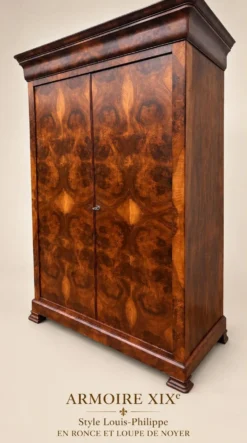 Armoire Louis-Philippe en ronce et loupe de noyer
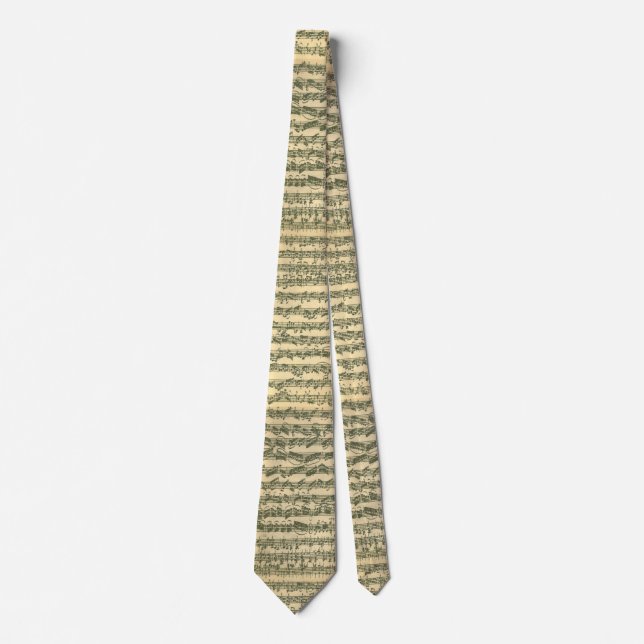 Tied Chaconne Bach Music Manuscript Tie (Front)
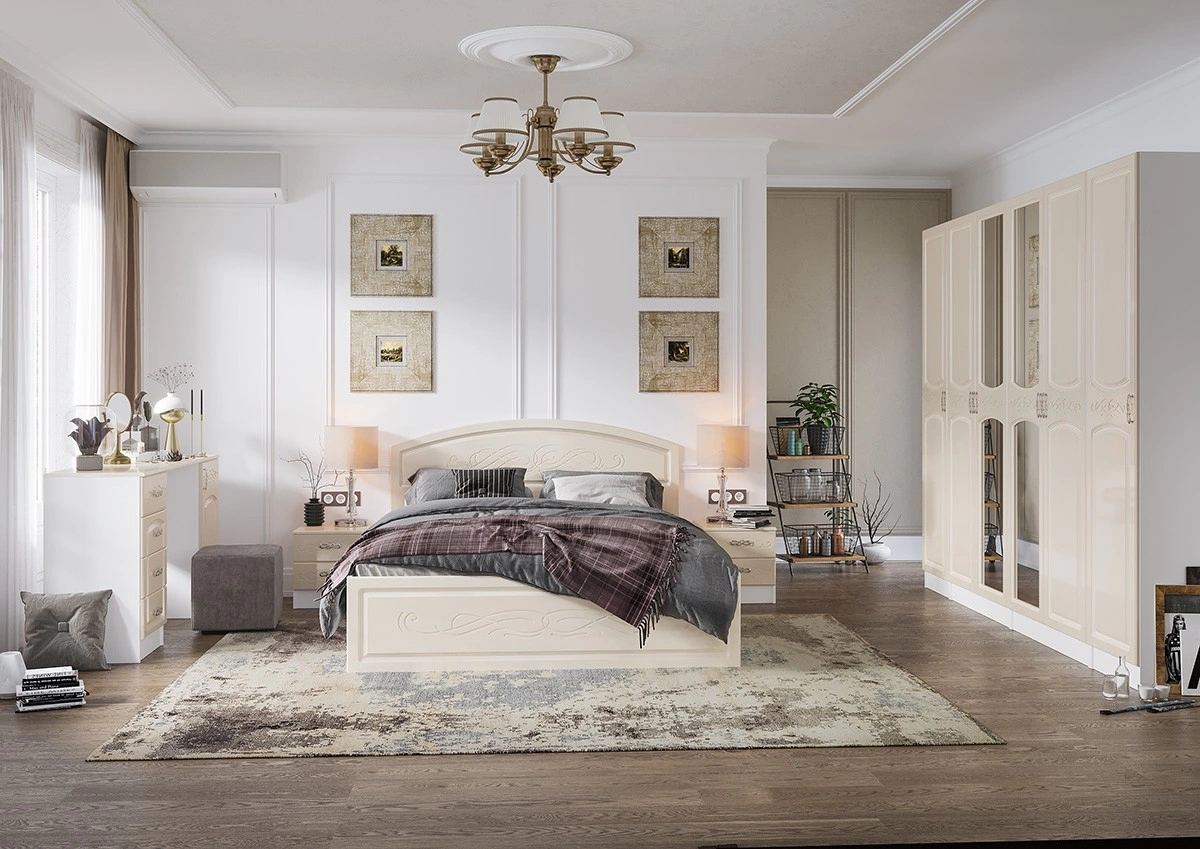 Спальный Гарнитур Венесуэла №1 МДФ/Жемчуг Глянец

### Brief
Return the full listing above exactly as written, and omit the pictures.

### Solution
 Armoire Louis-Philippe en ronce et loupe de noyer
 Tied Chaconne Bach Music Manuscript Tie (Front)
 Спальный Гарнитур Венесуэла №1 МДФ/Жемчуг Глянец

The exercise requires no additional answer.